There’s also going to be an “Export to Tax Report” function so you can spit out all your deductions in an easily-digestible document to submit to your tax professional, or to use while preparing your own taxes. They haven’t implemented this feature yet, but I’m sure it’ll work great when they do.
Stride can also connect you to other benefits
Over in the top left, you’ll also see a Benefits tab. Now, if I understand correctly, Stride is actually, they connect people with insurance companies, so what you can do is you can go into the Benefits tab, input a little information about yourself, and they will actually spit out a list of different healthcare options, dental providers, vision insurance providers that you can call upon as an independent contractor. I think that one of the reasons they’re offering this app is because independent contractors, like Uber and Lyft drivers, and DoorDash drivers, and Amazon Flex drivers, and all those other types of app-based work, we typically don’t get health insurance, so I think they looked at us as a particularly profitable demographic to market some of those health insurance plans to. This is one of the reasons that it’s a free app.
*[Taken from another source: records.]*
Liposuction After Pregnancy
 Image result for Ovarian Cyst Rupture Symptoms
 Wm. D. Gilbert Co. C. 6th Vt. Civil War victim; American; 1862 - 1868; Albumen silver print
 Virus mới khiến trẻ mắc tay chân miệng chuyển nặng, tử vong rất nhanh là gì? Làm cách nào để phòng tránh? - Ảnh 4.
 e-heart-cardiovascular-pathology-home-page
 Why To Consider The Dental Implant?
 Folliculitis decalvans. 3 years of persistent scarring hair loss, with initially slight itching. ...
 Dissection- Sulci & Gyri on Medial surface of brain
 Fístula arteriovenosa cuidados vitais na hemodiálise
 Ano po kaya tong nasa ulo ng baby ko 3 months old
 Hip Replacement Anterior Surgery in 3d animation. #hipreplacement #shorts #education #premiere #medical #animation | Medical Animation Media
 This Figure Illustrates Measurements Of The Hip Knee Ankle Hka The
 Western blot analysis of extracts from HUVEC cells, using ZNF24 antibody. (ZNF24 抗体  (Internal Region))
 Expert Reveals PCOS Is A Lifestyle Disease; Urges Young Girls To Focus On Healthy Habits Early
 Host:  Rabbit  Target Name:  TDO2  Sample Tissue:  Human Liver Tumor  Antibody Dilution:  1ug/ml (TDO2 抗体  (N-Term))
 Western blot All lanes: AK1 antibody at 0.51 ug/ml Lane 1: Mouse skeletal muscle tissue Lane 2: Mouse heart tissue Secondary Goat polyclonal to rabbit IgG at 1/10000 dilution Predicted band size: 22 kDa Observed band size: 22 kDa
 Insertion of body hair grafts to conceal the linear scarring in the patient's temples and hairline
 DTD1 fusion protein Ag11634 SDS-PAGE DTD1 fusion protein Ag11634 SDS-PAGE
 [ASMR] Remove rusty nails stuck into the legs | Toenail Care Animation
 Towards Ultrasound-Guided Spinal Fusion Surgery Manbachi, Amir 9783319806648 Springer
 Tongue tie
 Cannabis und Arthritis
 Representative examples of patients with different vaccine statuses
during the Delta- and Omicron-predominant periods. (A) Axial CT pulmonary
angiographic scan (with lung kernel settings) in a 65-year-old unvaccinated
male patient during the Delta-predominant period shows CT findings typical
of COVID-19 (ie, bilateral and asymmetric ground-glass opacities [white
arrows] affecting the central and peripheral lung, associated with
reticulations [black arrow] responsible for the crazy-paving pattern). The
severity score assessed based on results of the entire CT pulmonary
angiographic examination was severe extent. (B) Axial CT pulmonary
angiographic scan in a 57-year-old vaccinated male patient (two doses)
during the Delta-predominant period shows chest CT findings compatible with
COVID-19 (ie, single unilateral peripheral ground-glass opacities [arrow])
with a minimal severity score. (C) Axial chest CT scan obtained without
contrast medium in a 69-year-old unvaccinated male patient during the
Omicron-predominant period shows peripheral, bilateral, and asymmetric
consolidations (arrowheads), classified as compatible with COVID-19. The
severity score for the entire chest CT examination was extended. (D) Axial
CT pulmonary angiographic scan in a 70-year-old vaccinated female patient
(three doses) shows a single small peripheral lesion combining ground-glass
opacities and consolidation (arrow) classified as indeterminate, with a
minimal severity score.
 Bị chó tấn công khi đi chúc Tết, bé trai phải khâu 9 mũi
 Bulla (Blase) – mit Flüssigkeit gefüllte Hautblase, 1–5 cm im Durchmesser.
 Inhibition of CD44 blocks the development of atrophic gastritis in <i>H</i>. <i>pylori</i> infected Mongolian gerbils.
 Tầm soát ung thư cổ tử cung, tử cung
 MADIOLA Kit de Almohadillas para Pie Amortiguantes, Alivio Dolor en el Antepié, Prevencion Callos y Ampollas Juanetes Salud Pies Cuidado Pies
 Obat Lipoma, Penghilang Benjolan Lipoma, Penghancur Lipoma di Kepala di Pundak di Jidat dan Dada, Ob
They do, obviously, get a lot of their income from the health insurance side of things rather than the mileage tracking side of things. However, the mileage tracking is certainly a nice bonus, and I definitely recommend this app. It’s very lightweight, like I said, very compact, and very free, probably the best feature. It gets the job done, it’s pretty straightforward to use, and I didn’t encounter any bugs or crashes, really, or anything negative about it. So, I highly recommend this app.
Definitely check out Stride if you’ve got an Android or an iPhone; it is now on both. Thank you so much for watching. Drive safe!